Tensions over water are a global issue, and are still ongoing today. In India, conflicts between the states of Tamil Nadu and Karnataka over allocations of the Cauvery River basin have endured since the mid 1870s when the British relinquished colonial control through the Madras Presidency. Multiple formal agreements have been made concerning the distribution of this water, including a tribunal in 1990, but stark differences in philosophical foundations have led to increased tensions and even riots over the resulting decisions.
Across the globe in California’s San Joaquin Valley, similar plights over water allocation have been ensuing. The conflict here is between junior and senior water rights- those with only junior rights receive their water only after those with senior rights have filled their needs. Frustrations are mounting as workers are laid off, farm land is fallowed, and water allocations sold off far above market rates. Thirsty, high-profit almond orchards being ripped out as water scarcity threatens the investments of farmers in the region.

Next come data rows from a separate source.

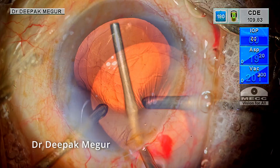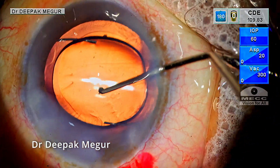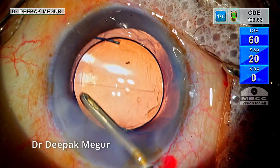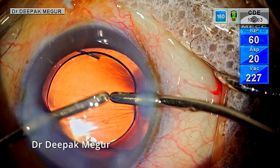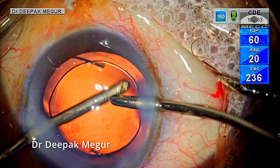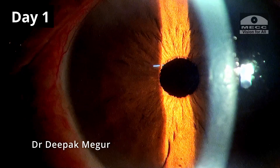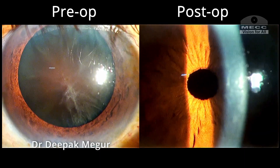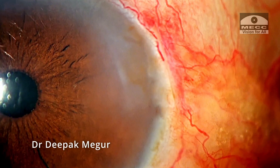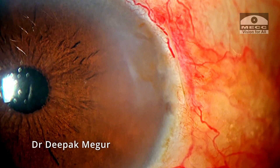Time to remove the cortex. It is done. The lens is implanted into the bag, the OVD is removed, the incisions are hydrated, and that's it. Now it's time for the results. It's heartening to see a cornea like this on the first post-op day, even with a black cataract. The wound does look healthy — there's no gape and no evidence of any burn.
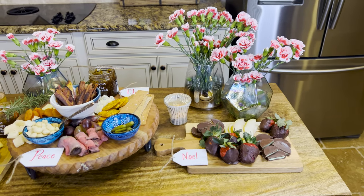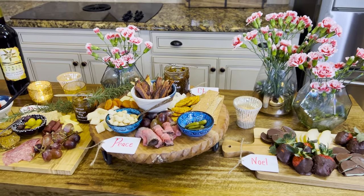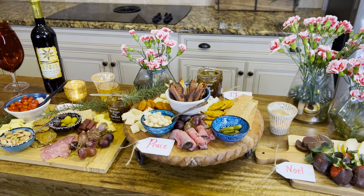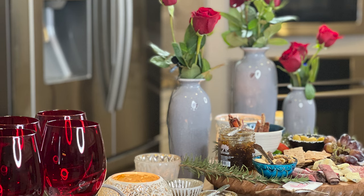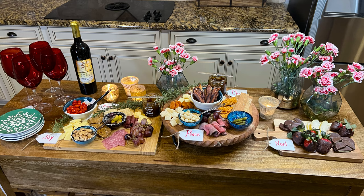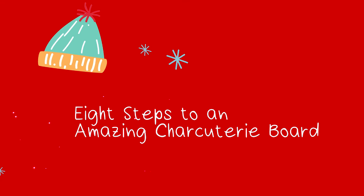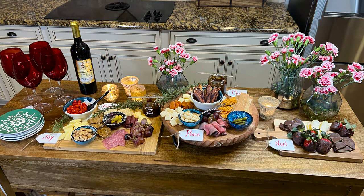Charcuterie boards are just really fun and they're really trending right now. We have multiple boards right here and I'm going to share with you the eight steps to putting together an amazing charcuterie board, and I want to invite you to do this with your family this holiday season.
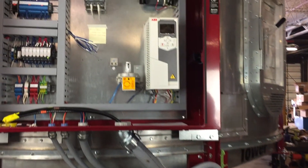They've got a new series replacing the 550 — it's the ACS 580 — and this is going to be a rolling change throughout the year. You may see these on some of the machines coming out from us.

The shared water challenges present in both the Cauvery river basin and the California Central Valley are long standing, complex, and won’t be solved through the individual actions of any one group. Effectively addressing these shared challenges will require innovative new approaches that go beyond traditional public sector solutions. We at WWF along with other leading NGOs such as World Resources Institute, believe that establishing context- based water stewardship targets within a basin will greatly support the public sector and the Sustainable Development Goals. Solving water challenges in places like the Cauvery and the Central Valley that have not been unlocked for over a century will require patience, innovation, a willingness to listen, and a passion to work collectively. But when everyone’s shared future is on the line, what other options do we have?